What’s worse, many workers like Peralta are finding themselves mired in an uncomfortable gray area: they make too much to qualify for government assistance, but not enough to get by.
These days Peralta earns too much to qualify for food stamps, but not enough not to worry. She pays $2,000 a month – or three-quarters of her paycheck – to rent the small apartment she shares with her youngest daughter. “Even just the two of us, it’s still a struggle.” So once a month, she picks up supplies at the food bank to supplement what she buys at the store.
She isn’t one to complain, but acknowledges the vast gulf between the needs of Facebook employees and contract workers such as herself. “The first thing they do [for Facebook employees] is buy you an iPhone and an Apple computer, and all these other benefits,” she laughs. “It’s like, wow."
Second Harvest is the only food bank serving Silicon Valley.

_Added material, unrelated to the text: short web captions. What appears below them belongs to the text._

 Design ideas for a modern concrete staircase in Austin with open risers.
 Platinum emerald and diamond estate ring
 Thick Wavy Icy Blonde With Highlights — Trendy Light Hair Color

It’s also one of the largest in the country. In any given month, it provides meals for 257,000 people. It served 66 million pounds of food last year. When the Guardian visited its cavernous, 75,000 square foot main warehouse space, boxes of produce stretched to the ceiling. Strip lights illuminated crates of cucumbers and pallets of sweet potatoes with a chilly glow. Volunteers in PayPal T-shirts packed cabbages and apples that arrived in boxes as big as paddling pools, while in the walk-in freezer turkeys waited to defrost.

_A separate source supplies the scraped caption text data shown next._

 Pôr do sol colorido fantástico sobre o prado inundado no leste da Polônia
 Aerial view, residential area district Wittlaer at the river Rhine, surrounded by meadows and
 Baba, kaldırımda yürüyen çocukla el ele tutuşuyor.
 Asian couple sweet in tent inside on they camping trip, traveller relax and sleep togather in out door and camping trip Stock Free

To Silicon Valley’s wealthy tech workers, the struggles of the hundreds of thousands of working poor in the region are often invisible.
“Often we think of somebody visibly hungry, the traditional homeless person,” Brennan said. “But this study is putting light on the non-traditional homeless: people living in their car or a garage, working people who have to choose between rent and food, people without access to a kitchen."

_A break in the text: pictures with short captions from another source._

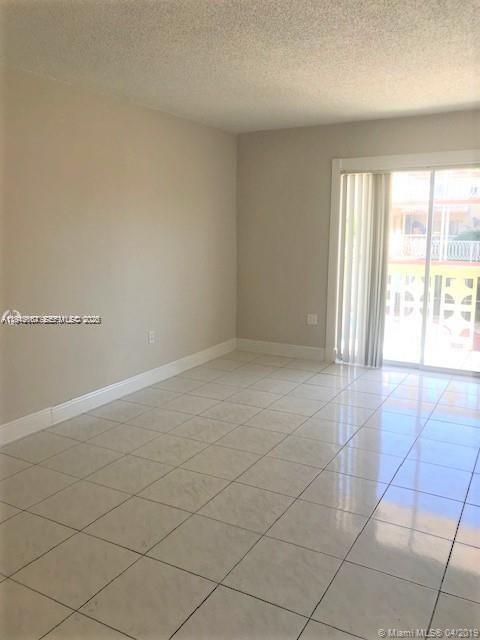 2441 Northwest 13th Street, Unit 71 Miami, FL 33125 - Photo 6 of 12 an empty room with windows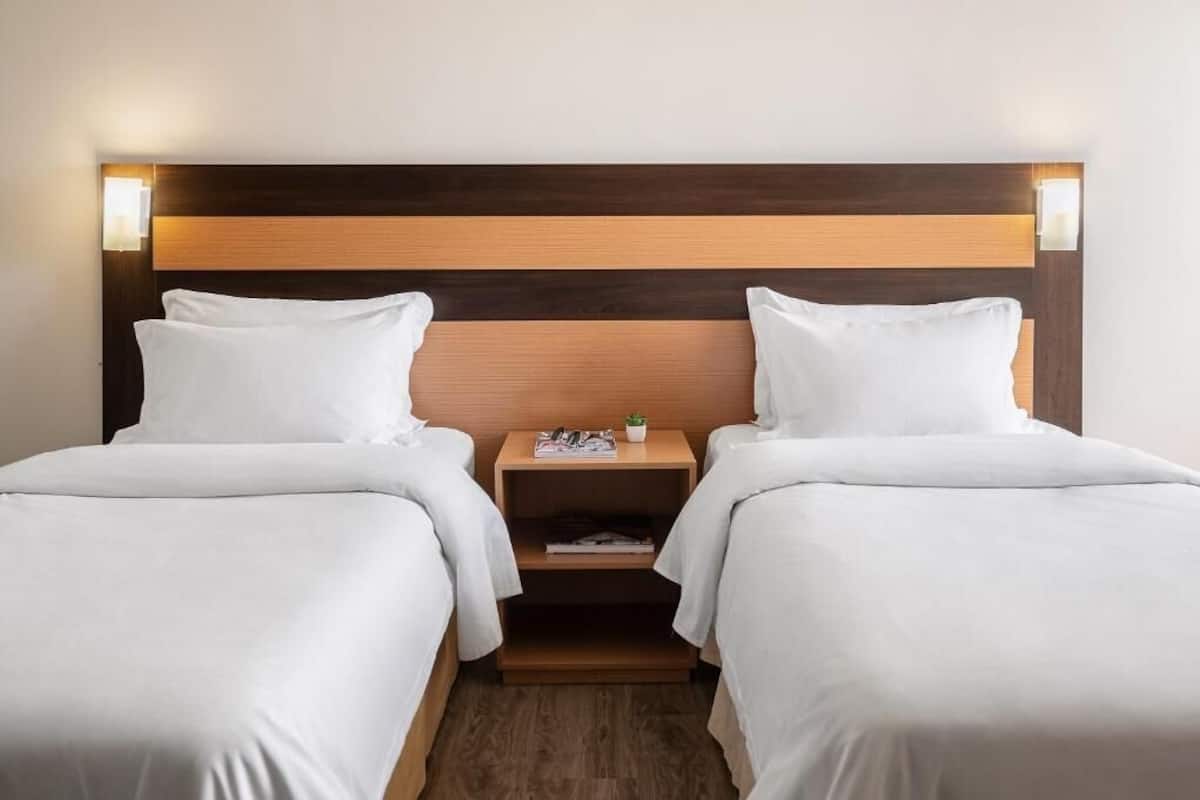 Ein Hotelzimmer mit zwei Betten, einem Holzkopfteil, Nachttischen mit Lampen und einem kleinen Regal mit einer Pflanze.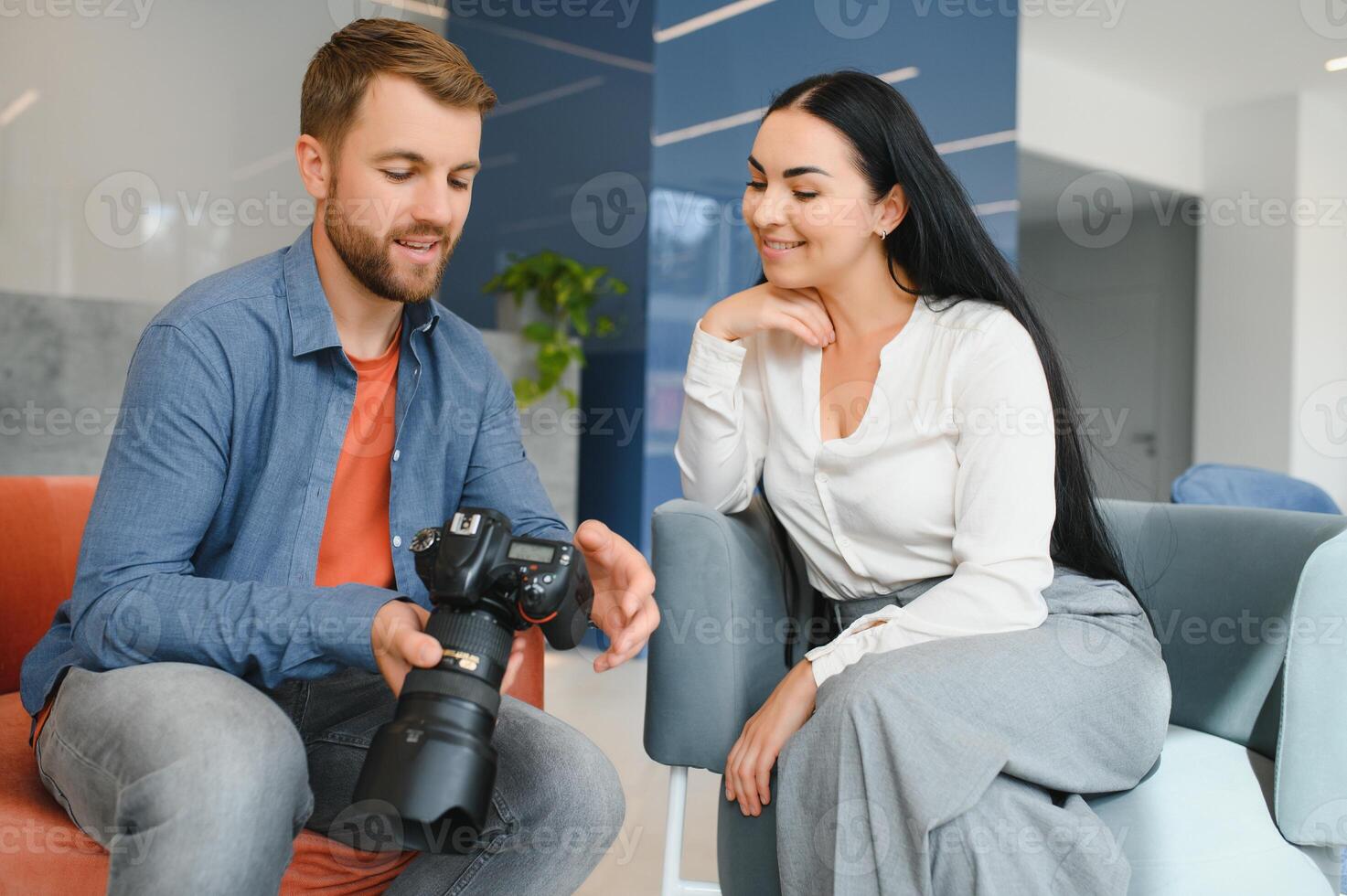Photographer communicates with the client in the office. photo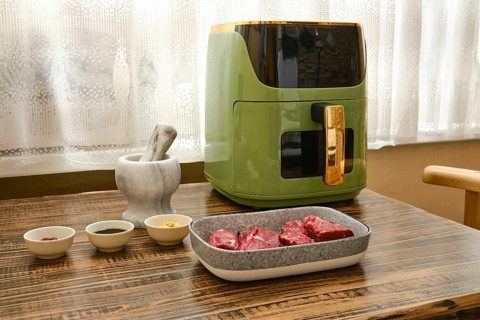 Fresh cuts of beef steaks sit on a wooden table next to bowls of spices and sauces ready to be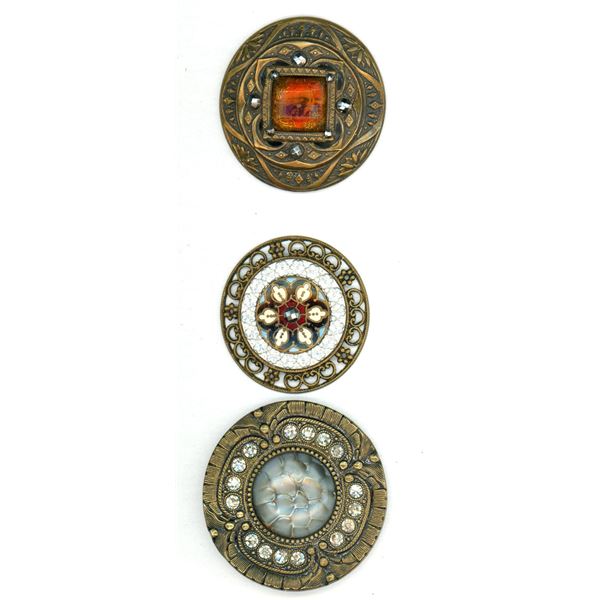 A small card of glass in metal buttons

He added, “you’re not thinking when you pick up your shirts from dry cleaning, or getting your landscaping done, or going to a restaurant, or getting your child cared for, ‘is that person hungry?’ It’s very easy to assume they are fine."
The cost of housing is one of the biggest contributor to inequality – and the main reason many workers in the region are forced to go hungry. In Santa Clara County, the median price of a family home has reached a new high of $1.125 million, while the supply of homes continues to shrink. A family of four earning less than $85,000 is now considered low income. Meanwhile, the median income in the US is less than $60,000.
These realities mean food insecurity cuts across lines of race, age and employment status.
Minority communities in the Bay Area have been hit the hardest.
The Latino community is “passing through a hard time”, says Vicky Avila-Medrano, a food connection specialist. She runs a program that sends current and former food bank users out into the community, which has been disproportionately affected by the cost-of-living crisis.
“Here in Silicon Valley, we have a big problem. This is a beautiful place to live for people in the tech industry, but we are not working in that industry."
Of course, the problems posed by rising rents aren’t unique to the San Francisco Bay Area. As we noted back in October, rental costs growing faster than disposable income for 22 consecutive months. In September, rent ate up more disposable income than at any prior time in history.
All of this underscores the hypocrisy of the ultra-liberal Bay Area. While well-heeled tech workers spurn anybody who disagrees with their narrow-minded worldview in the name of progress, many of these same workers drift through their daily routines largely ignorant of the dire circumstances of the people who handle their dry cleaning and prepare their food.
Google famously fired former engineer James Damore for publishing an open letter pointing out flaws in the company’s diversity hiring program.
Meanwhile, the more than 10,000 employees who work at the Googleplex in Mountain View, Calif. are some of the biggest contributors to wealth inequality in the region.
While we're sure the Bay Area's insistence on social equality in the workplace is well intentioned, progress won't feed the working poor.